Apelação Cível Nº 5024262-18.2021.4.04.9999/RS
RELATOR: Juiz Federal JULIO GUILHERME BEREZOSKI SCHATTSCHNEIDER
APELANTE: INSTITUTO NACIONAL DO SEGURO SOCIAL - INSS
APELADO: JULIA TEREZINHA BENTO
ADVOGADO: LUCIANA ELY CHECHI (OAB RS058988)
ADVOGADO: RODRIGO RAMOS (OAB RS087266)
RELATÓRIO
Trata-se de apelação interposta pelo INSS contra sentença publicada na vigência do novo CPC, cujo dispositivo tem o seguinte teor:
Ante o exposto, JULGO PROCEDENTES os pedidos deduzidos na exordial, extinguindo o processo, com resolução do mérito, nos termos do art. 487, inciso I, do CPC, para o efeito de:
a) declarar o exercício de atividade no meio rural, em regime de economia familiar pela parte autora, no período correspondente à carência do benefício pretendido, conforme art. 142 da Lei n. 8.213/91, devendo ser averbado para todos os efeitos; e
b) condenar o INSS a acrescer o tempo de serviço acima reconhecido com aquele já averbado na esfera administrativa e, revisando os cálculos de aposentadoria, conceder à autora o benefício previdenciário de aposentadoria por idade rural n. 186.724.286-6, pagando as prestações vencidas a partir do requerimento do pedido na via administrativa, em 26/09/2018.
c) estabelecer que os valores devidos deverão ser acrescidos correção monetária, observando-se os índices acima mencionados.
Sucumbente, condeno o INSS no pagamento da verba honorária em favor do patrono do autor, esta arbitrada em 10% do valor da condenação, com base no artigo 85, §§ 2º e 3º, inciso I do novo CPC, corrigida monetariamente pelo INPC.
Condeno o demandado ao pagamento das despesas previstas no artigo 14 da Lei n.° 14.634/2014.
Sentença não sujeita a reexame necessário (art. 496, § 3º, inciso I do novo CPC).
Saliento que a concessão desse benefício fica condicionada à análise do INSS quanto à não cumulação indevida, conforme previsão legal, com outros eventuais benefícios porventura já recebidos pela autora.
Requisitem-se os honorários do perito nomeado, caso ainda não requisitados.
Intimem-se.
Em suas razões recursais o INSS sustenta que a parte autora não preenche os requisitos necessários à concessão da aposentadoria, tendo em vista que os documentos apresentados não são suficientes para comprovar o efetivo exercício de atividade rural pelo tempo necessário à carência do benefício.

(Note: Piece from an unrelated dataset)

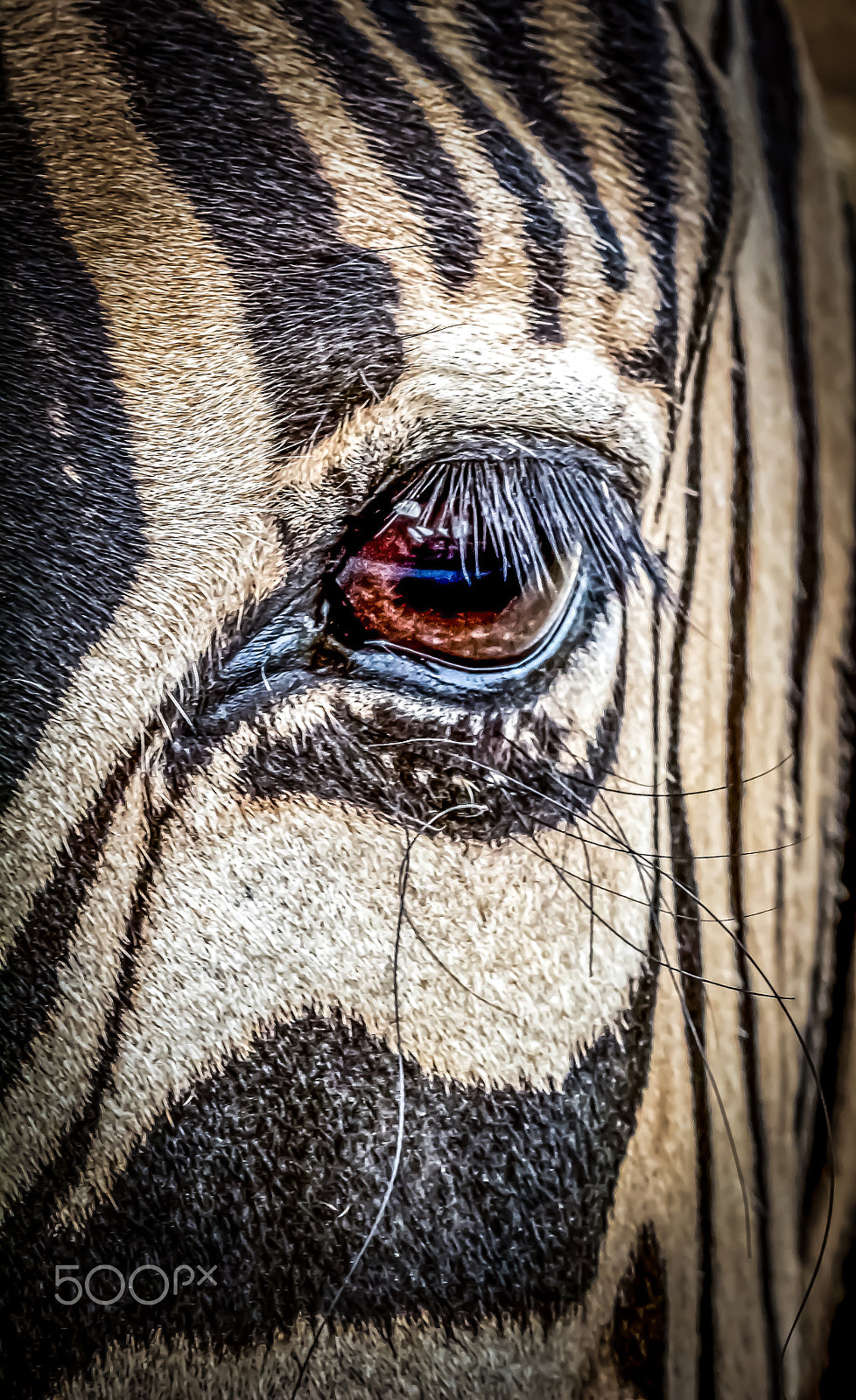 Canon EF-S 55-250mm F4-5.6 IS STM sample photo. Zebra close encounter photography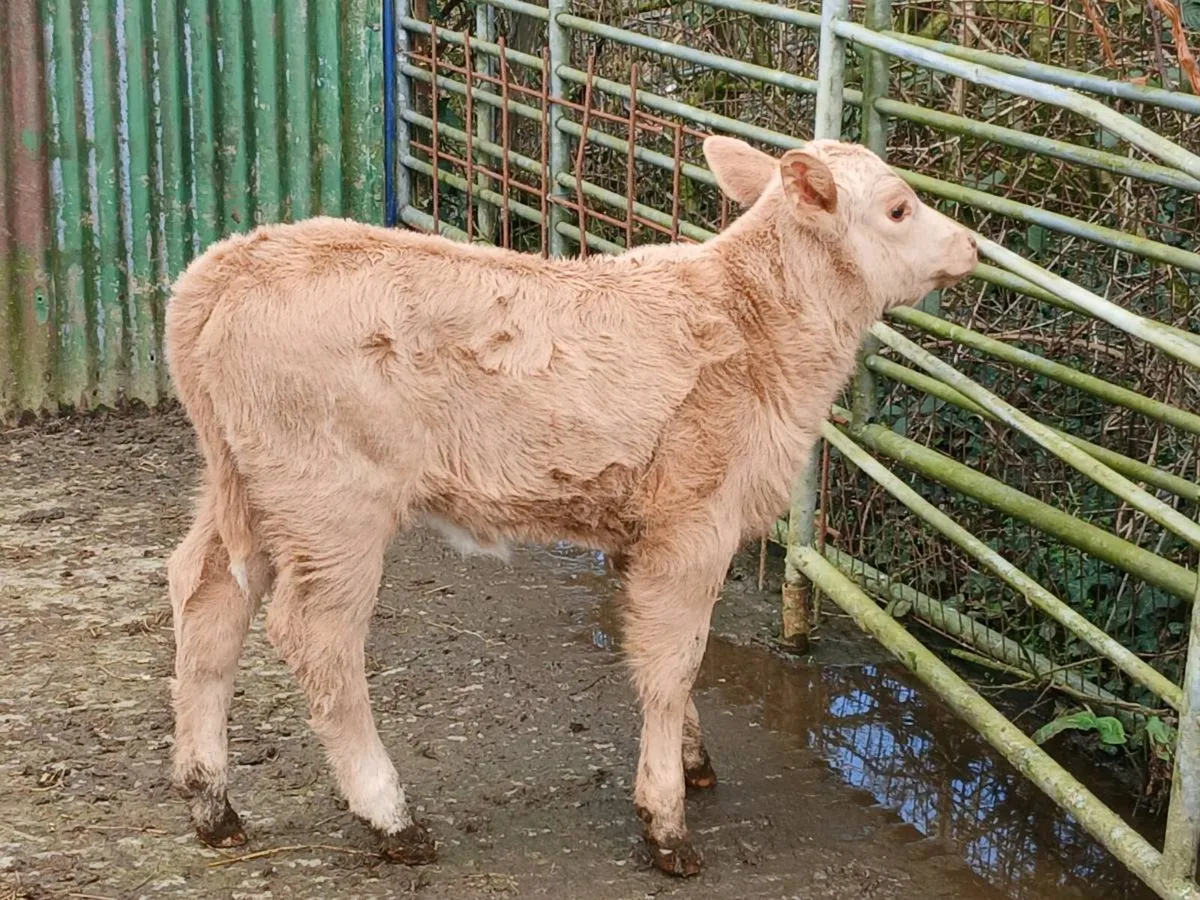 SUPER CH HEIFER OUT OF A SUPER COW - Image 4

Alega, ademais, que durante o período de 2012 a 2018 a autora percebeu aposentadoria por invalidez, podendo-se inferir que não tinha condições de realizar trabalho agrícola, o qual requer razoável esforço físico.
Com as contrarrazões, vieram os autos a esta Corte para julgamento.
É o relatório.
VOTO
Juízo de admissibilidade
O apelo preenche os requisitos legais de admissibilidade.
Aposentadoria por Idade Rural
O exercício de atividade rural deve ser comprovado mediante início de prova material, complementada por prova testemunhal idônea, não sendo esta admitida exclusivamente, a teor do art. 55, § 3º, da Lei 8.213/91, e súmula 149 do STJ. Trata-se de exigência que vale tanto para o trabalho exercido em regime de economia familiar quanto para o trabalho exercido individualmente.
O rol de documentos do art. 106 da LBPS não é exaustivo, de forma que documentos outros, além dos ali relacionados, podem constituir início de prova material, que não deve ser compreendido como prova plena, senão como um sinal deixado no tempo acerca de fatos acontecidos no passado e que agora se pretendem demonstrar, com a necessária complementação por prova oral.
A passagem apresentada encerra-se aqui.